All dead, or dying, twitching here and there, but none capable of movement. Misty kept her face forward and her jaw tight, but the hand on the chain paled a shade. Ludwig counted without counting, not to tally, but to let the mind have work so it did not meddle with the hands. He stepped where the blood was thin. He let none of it touch his boots if he could manage it.
Soon, Ludwig arrived to a clearing, where the sound of the hammering was far louder than before. The tunnel opened into a broad chamber propped with thick, ancient ribs of stone and fossil wood. Heat moved in slow waves against the skin, the kind that made breath feel heavier. The light was not torchlight. It was the color of worked metal, a pulsing glow that swelled and settled with each strike. Shadows along the walls paced in long measured arcs, returning to the same places like obedient dogs.
He edged forward and looked in.
The hammer fell again. The sound was clean and final, not frantic, not wild, but the patient rhythm of someone who knew exactly how long the arm should travel and how much weight the wrist should carry.
Ludwig’s face emptied of color. The amulet at his throat cooled like a hand to fever. He centered the point of Durandal low, held still, and let the calm bite down on the first surge of anger before it could grow teeth. He did not search the floor for meaning. He did not count the stains. He kept the mind narrow and left the eyes on the glow.

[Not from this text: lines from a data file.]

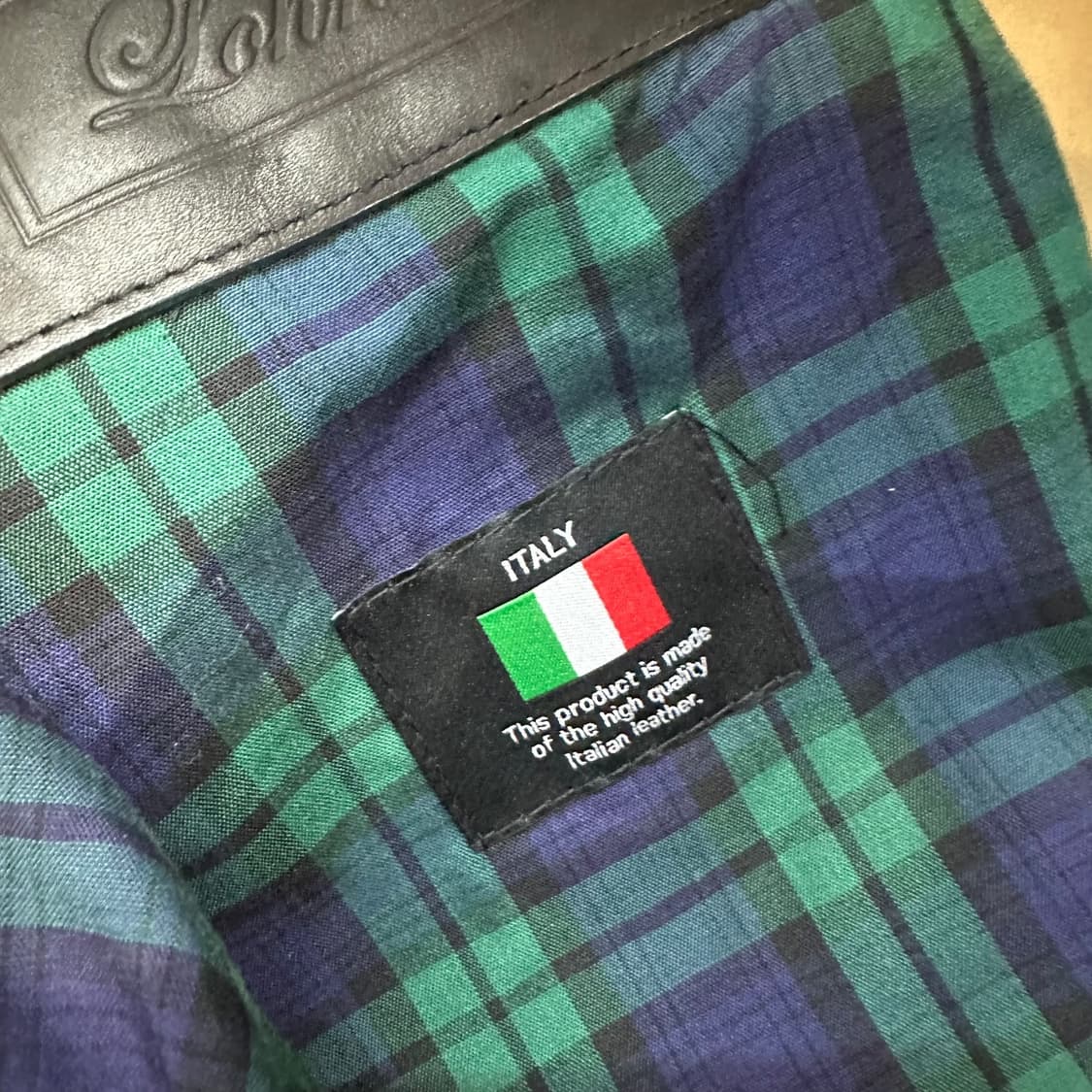 론트 사파리 필드 자켓 상품이미지6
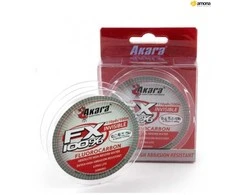 Fluorokarboninis Valas AKARA FX 0.29mm 100m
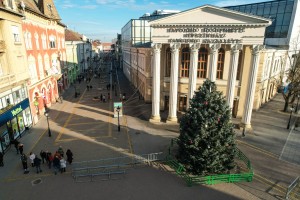 Dnevni doček Nove godine na Gradskom trgu - prednovogodišnje zagrevanje #NG2024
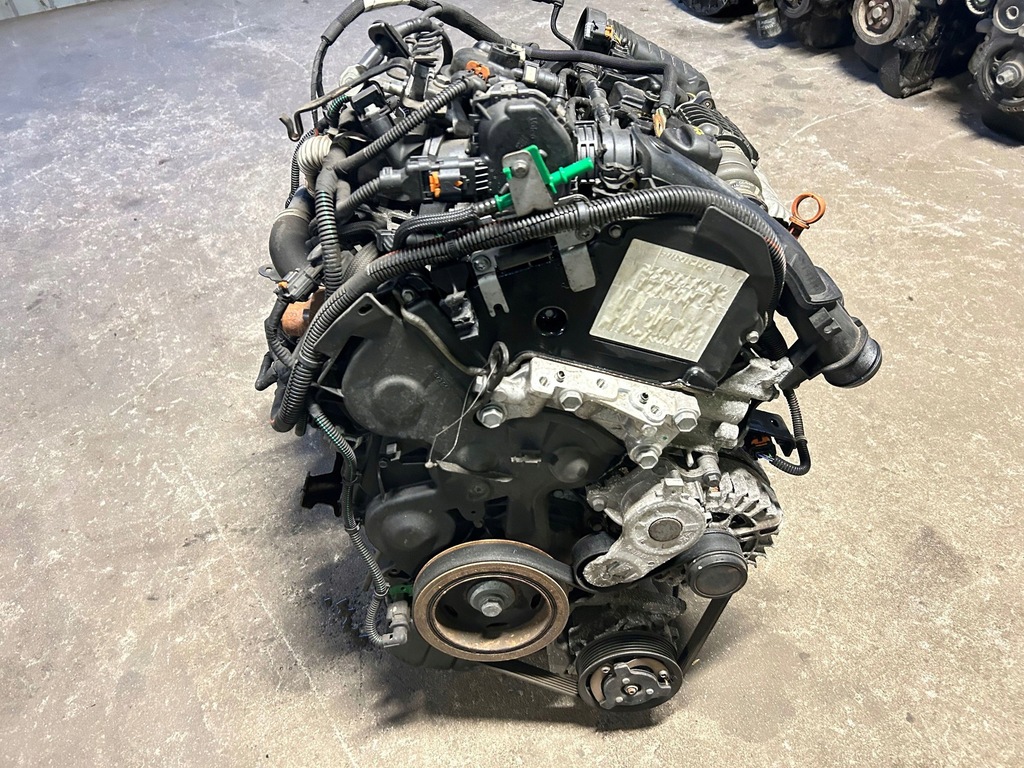 Moteur BHY (DV6FD) — vue 4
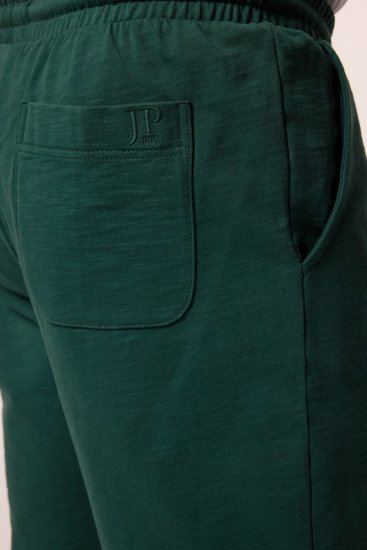 JP1880 Bermuda Sweatshorts Jungle Green - Sporta bikses un šorti - Sporta bikses un Sporta šorti - 2XL-12XL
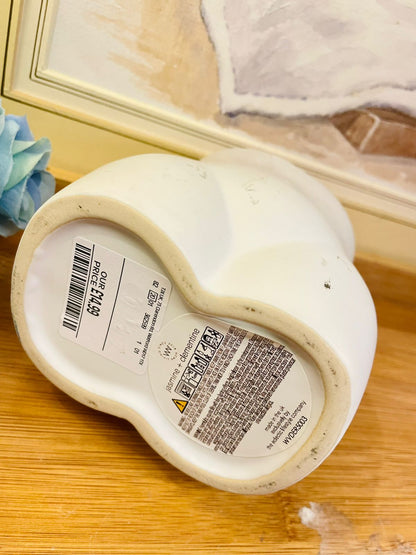 Minimalist Body-Shaped Ceramic candle  – Modern Home Decor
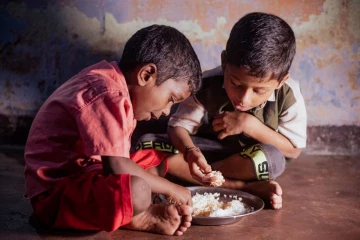 තිත්ත ඇත්තක් එළියට - ගෝලීය ආහාර අර්බුද වාර්තාව නිකුත් වේ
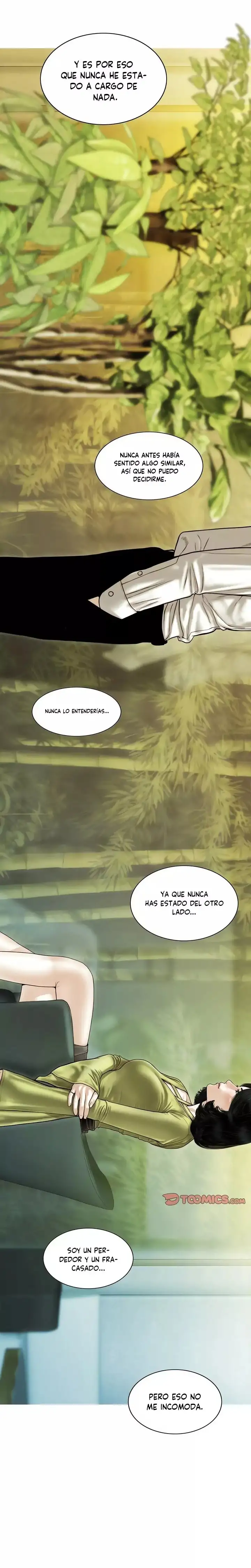 Un Sueño Debil - Capítulo 35 - Página 22 - LectorTMOo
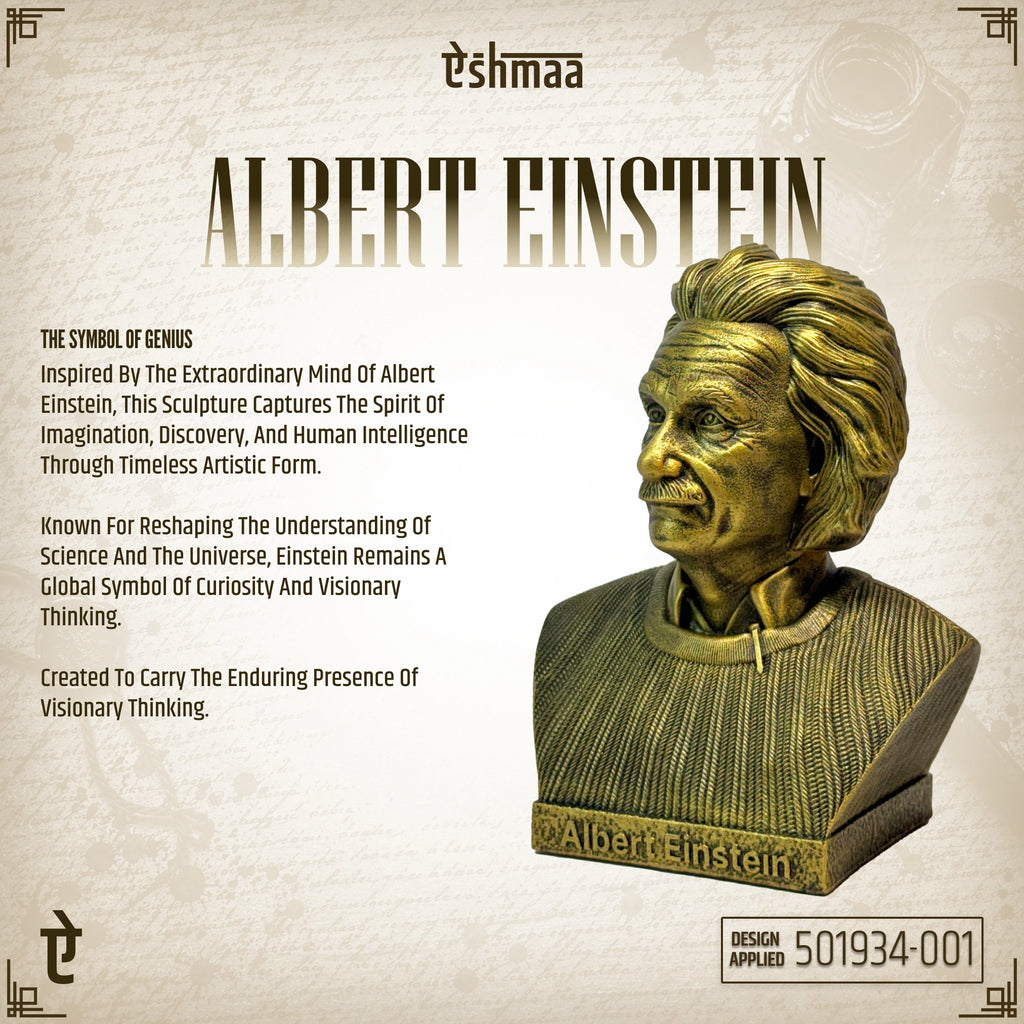 Albert Einstein: The Symbol of Genius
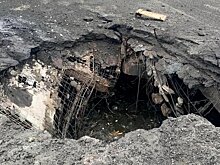 ВСУ сбросили две бомбы на ведущую в Крым автотрассу в Запорожской области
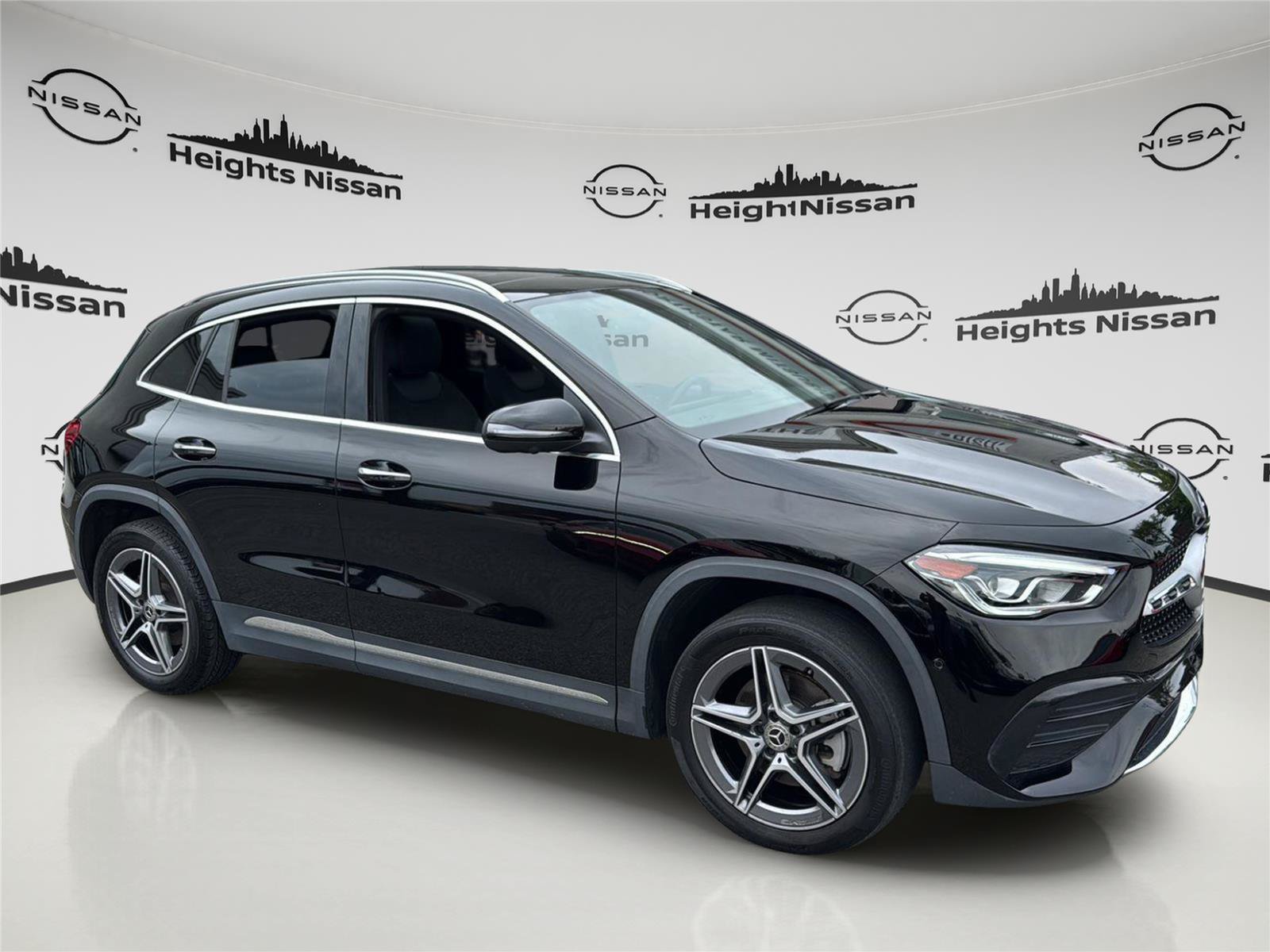 Used 2023 Mercedes-Benz GLA 250 4MATIC image 7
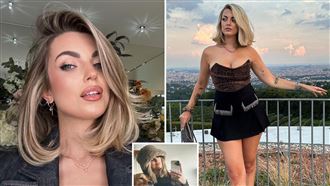 網紅派對後失聯！遭前男友勒斃封箱棄森林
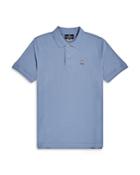 Psycho Bunny Pique Knit Slim Fit Polo Shirt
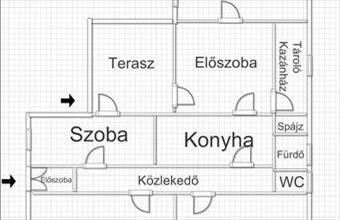 Eladó Nyírteleki családi ház hirdetés (93949755)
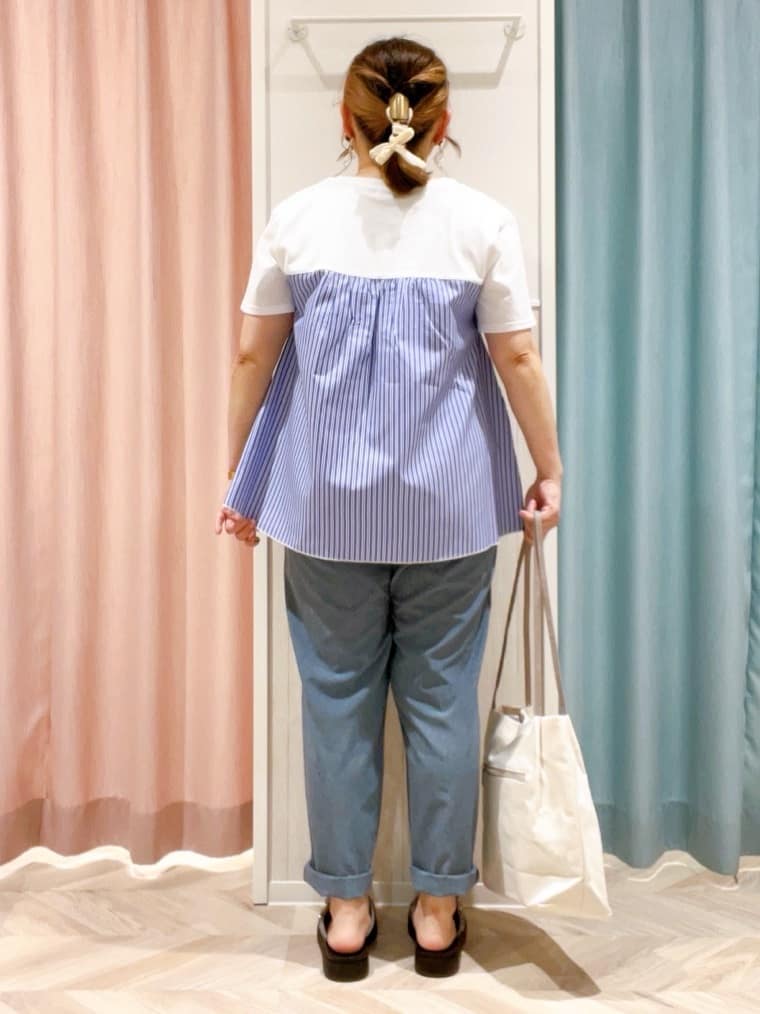 kitaさんの「SHOO･LA･RUE｜」を使ったコーディネート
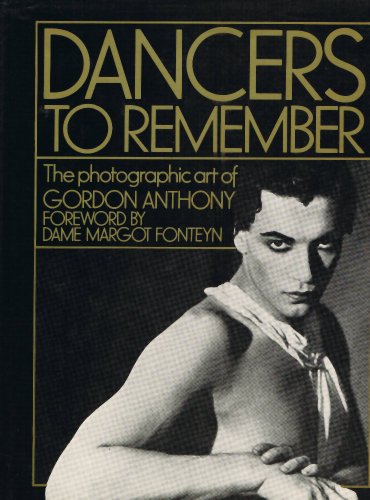 Dancers to Remember   1980 9780091416904 Front Cover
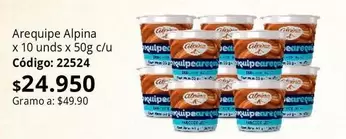 Alpina - Arequipe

Misty came level with him, her chain drawn short, the anchor’s head cradled in both hands to tame its sway. “Goodness,” slipped out of her before she could close her mouth over it. She swallowed the rest and set her jaw.
The hammer stopped. Not with hesitation, but as if a line had been struck and reached its end. The glow steadied. Heat settled. Dust hung and did not move.
And the figure at the heart of the chamber turned toward them.